Russian artillery general (1819–1884)

Prince Alexey Vasilyevich Obolensky (Russian: Алексей Васильевич Оболенский; 1819–1884) was an Artillery General, head of the Moscow Governorate in 1861–1866. Representative of the princely family Obolensky.

==Biography==
Born June 4, 1819, in the family of Major General Vasily Obolensky and Ekaterina Musina–Pushkina. Having received an excellent education at home and at the Physics and Mathematics Department of Moscow University, Obolensky passed the officer's exam at the Mikhailovsky Artillery School in 1838. In the same year, on April 8, he entered military service as a Fireworker of the 4th Class of the Life Guards of the 1st Artillery Brigade in the No. 1 Light Battery. Two years later he was promoted to warrant officer with a transfer from the 1st to the 2nd Battery, and three years later he was transferred to the same rank in the Life Guards Horse Artillery. On October 10 of the same year, he was promoted to second lieutenant, and on December 6, 1846, to lieutenant.

The following year, Obolensky was appointed adjutant to the Head of the Guards Artillery Sumarokov, but he stayed in this position for only a few months. On April 10, 1848, Prince Obolensky was promoted to staff captain and in November of the same year was appointed adjutant to Grand Duke Mikhail Pavlovich, commander–in–chief of the guards and grenadier corps. The following year, on September 19, he was appointed adjutant wing, and on December 6, he was promoted to captain.

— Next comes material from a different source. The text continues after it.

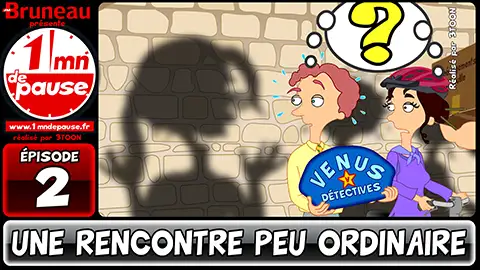 Épisode 2 – Une rencontre peu ordinaire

Obolensky carried out the Hungarian Campaign in the retinue of Grand Duke Mikhail Pavlovich, with whom he returned to Warsaw, and soon after the death of the Grand Duke, accompanied his body to Saint Petersburg. Two years later, for the excellent performance of the Highest Orders, he was awarded the Order of Saint Anna, 3rd Degree; in April 1852, Obolensky was appointed commander of a battery of the Life Guards Horse Artillery. In July of that year, he was promoted to colonel. From the time of his appointment as adjutant wing, Obolensky repeatedly carried out the Highest Assignments assigned to him, such as: he conducted an investigation about the fire on June 10, 1850, in Samara and distributed there to the burnt residents the money donated for this by the Sovereign; supervised the recruitment in Ryazan, Podolsk, Volyn, Smolensk, Mogilev and other provinces.

With the beginning of the Crimean Campaign, Obolensky was sent to Novocherkassk to monitor the formation of five Don Batteries, and after that, by order of General Khomutov, he was sent to Sevastopol for reinforcements. In this campaign, Obolensky took part in the battle of September 8, 1854, then in the Battle on the Black River, where the successful actions of the battery under his command greatly contributed to the overall success, and for this deed the prince was awarded the Order of Saint Vladimir, 4th Degree with a Bow. Then, at the beginning of the next year, Obolensky traveled by courier to Saint Petersburg. Upon the death of Emperor Nicholas I, he was sent to Novocherkassk to swear in the Don Army, after which he returned to Sevastopol again. Here he participated in the battle on August 4, and from August 10 to 21, he was on the defensive line in Sevastopol. For excellent courage shown during the Defense of Sevastopol, Obolensky was awarded a Golden Saber with the Inscription "For Courage".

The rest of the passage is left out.